Task directions: Reproduction of part of the material below, pictures omitted: copy exactly, and only, the lines starting with the one with "Republicii Loft Apartment" and going on through the one with "Llega una nueva".

________________

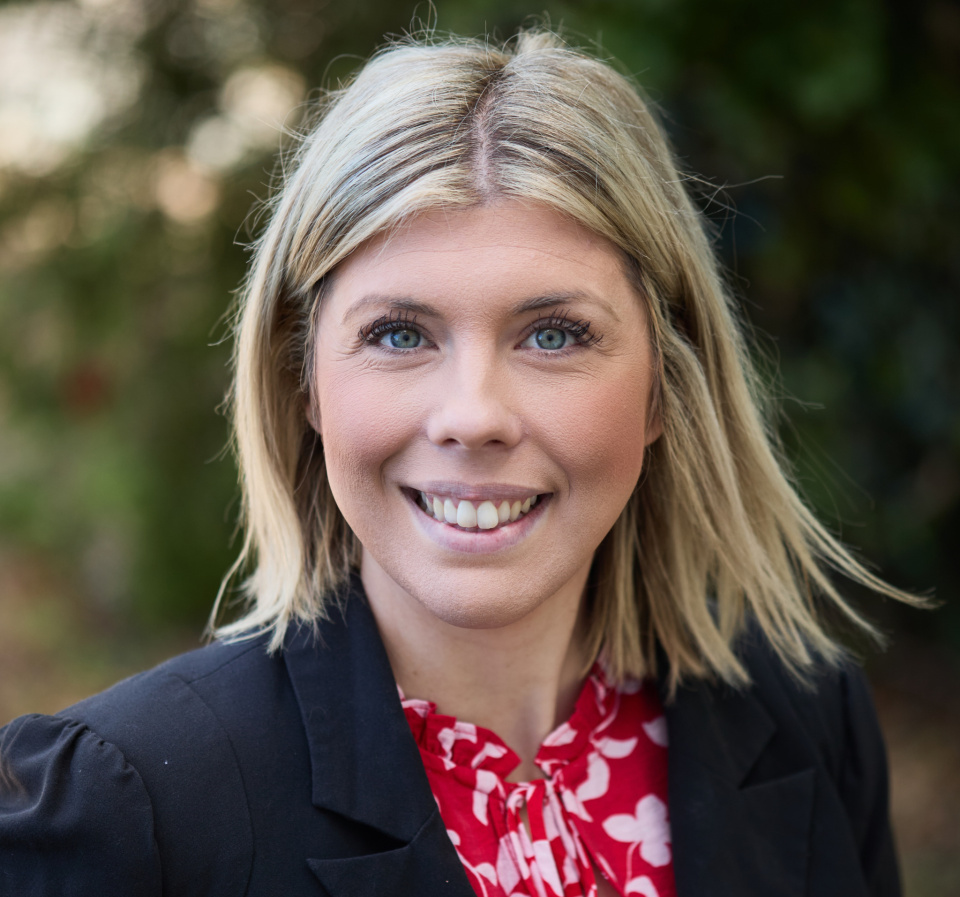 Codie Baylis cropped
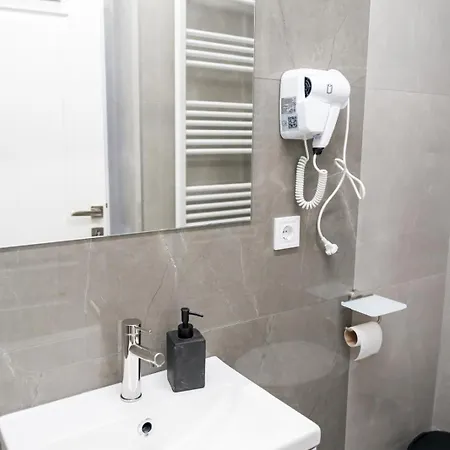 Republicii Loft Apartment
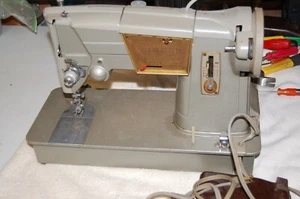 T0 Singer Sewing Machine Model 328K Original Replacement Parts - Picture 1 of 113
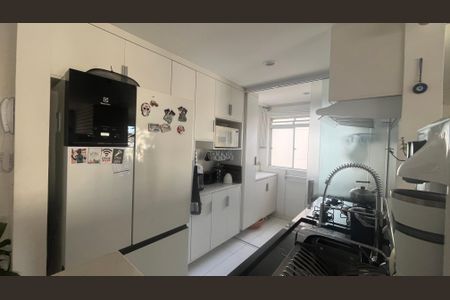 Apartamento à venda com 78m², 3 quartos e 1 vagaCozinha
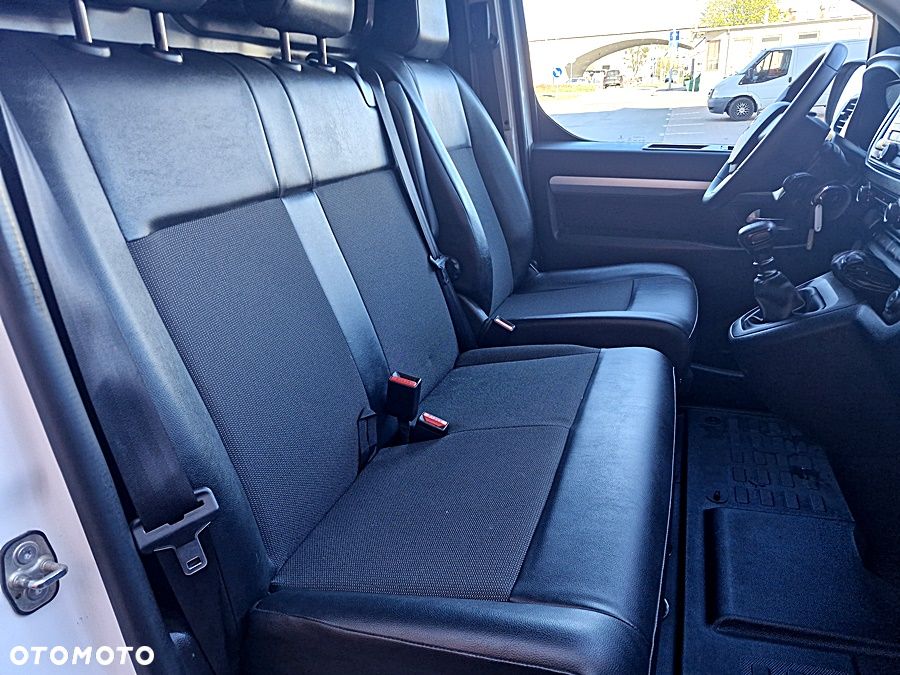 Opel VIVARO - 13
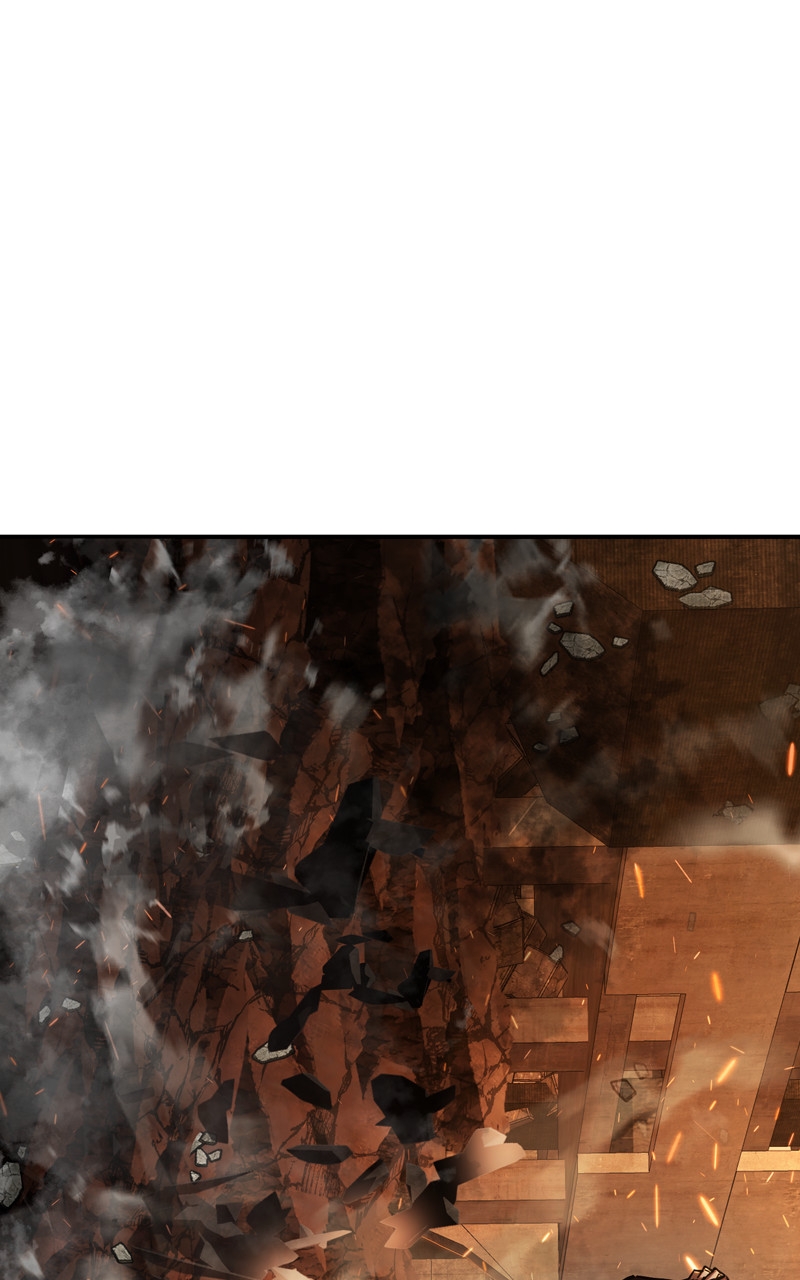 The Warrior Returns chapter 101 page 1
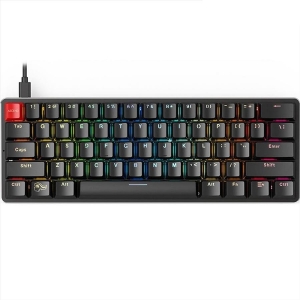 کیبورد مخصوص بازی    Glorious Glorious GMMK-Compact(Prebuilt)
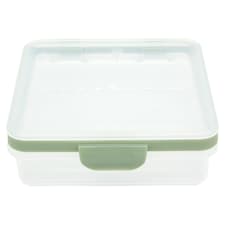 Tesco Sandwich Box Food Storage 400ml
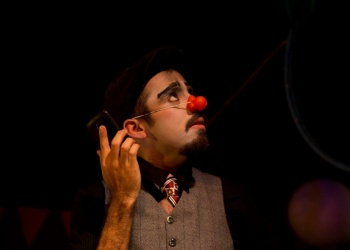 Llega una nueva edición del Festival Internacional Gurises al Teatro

________________

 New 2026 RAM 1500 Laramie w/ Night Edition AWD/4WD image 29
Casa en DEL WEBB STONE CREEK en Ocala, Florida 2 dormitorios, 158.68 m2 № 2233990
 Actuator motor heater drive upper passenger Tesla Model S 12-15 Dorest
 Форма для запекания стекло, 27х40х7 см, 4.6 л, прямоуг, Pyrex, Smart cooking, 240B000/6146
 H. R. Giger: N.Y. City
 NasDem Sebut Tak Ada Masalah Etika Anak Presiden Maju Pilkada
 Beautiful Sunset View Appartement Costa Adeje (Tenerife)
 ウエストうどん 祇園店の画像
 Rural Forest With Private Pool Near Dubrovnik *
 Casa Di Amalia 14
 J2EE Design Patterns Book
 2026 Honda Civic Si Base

________________

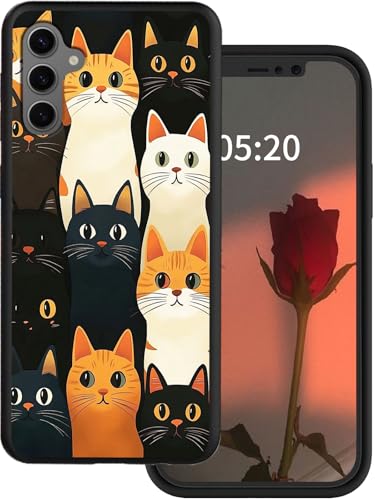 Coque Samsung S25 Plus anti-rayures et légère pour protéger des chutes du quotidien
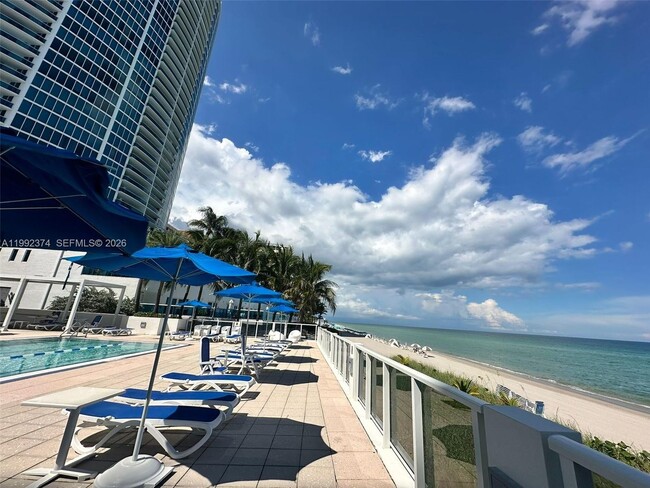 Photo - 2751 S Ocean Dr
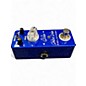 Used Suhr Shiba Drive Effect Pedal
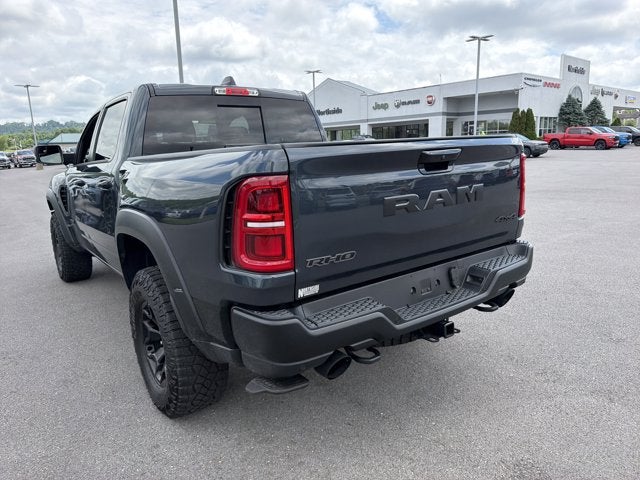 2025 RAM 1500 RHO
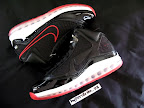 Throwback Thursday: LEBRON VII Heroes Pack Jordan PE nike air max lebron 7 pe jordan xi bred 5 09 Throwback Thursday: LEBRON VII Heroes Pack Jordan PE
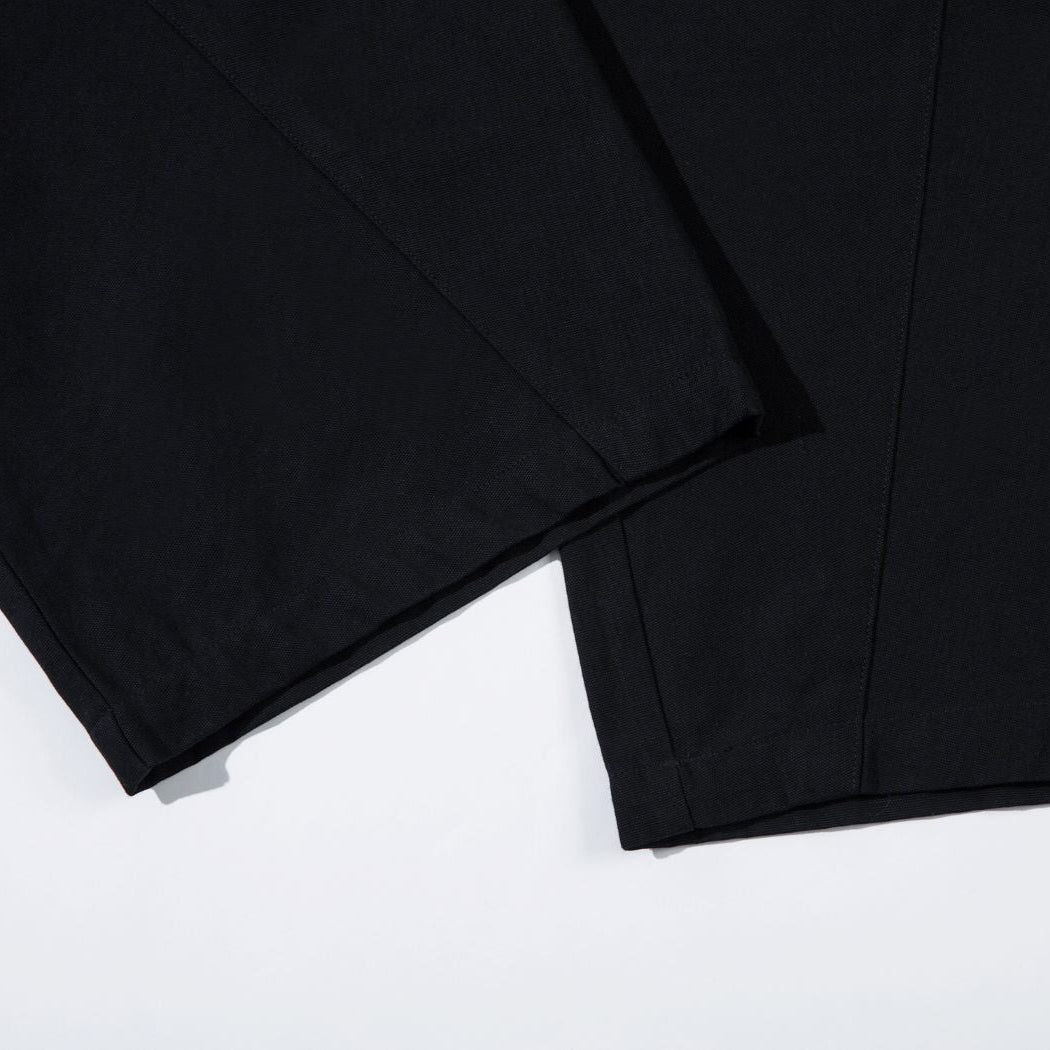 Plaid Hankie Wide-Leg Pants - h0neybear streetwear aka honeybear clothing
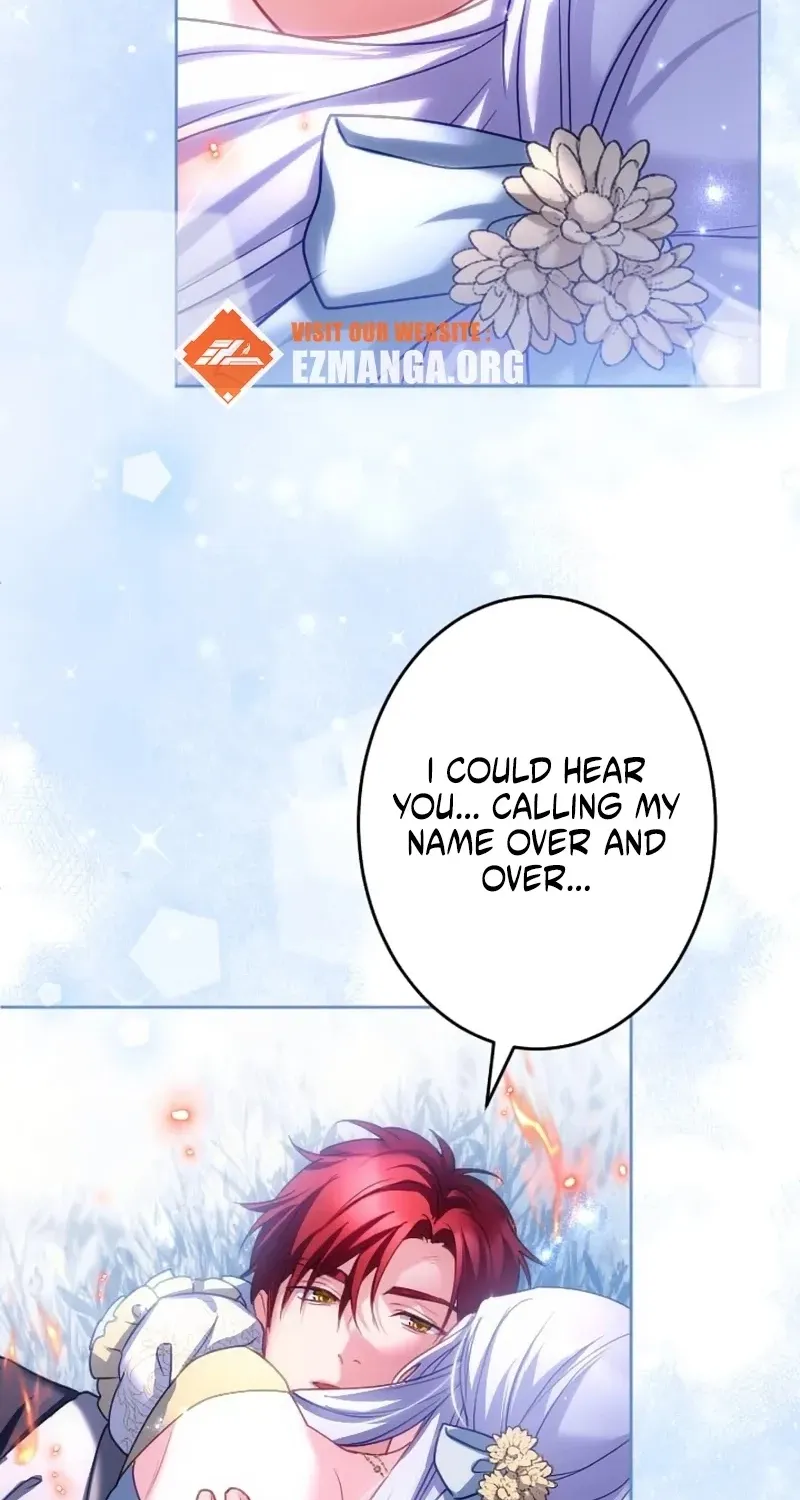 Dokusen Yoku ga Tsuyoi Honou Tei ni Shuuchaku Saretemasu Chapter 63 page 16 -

________________

Task response:
 Republicii Loft Apartment
 T0 Singer Sewing Machine Model 328K Original Replacement Parts - Picture 1 of 113
 Apartamento à venda com 78m², 3 quartos e 1 vagaCozinha
 Opel VIVARO - 13
 The Warrior Returns chapter 101 page 1
 کیبورد مخصوص بازی    Glorious Glorious GMMK-Compact(Prebuilt)
 Tesco Sandwich Box Food Storage 400ml
 Llega una nueva edición del Festival Internacional Gurises al Teatro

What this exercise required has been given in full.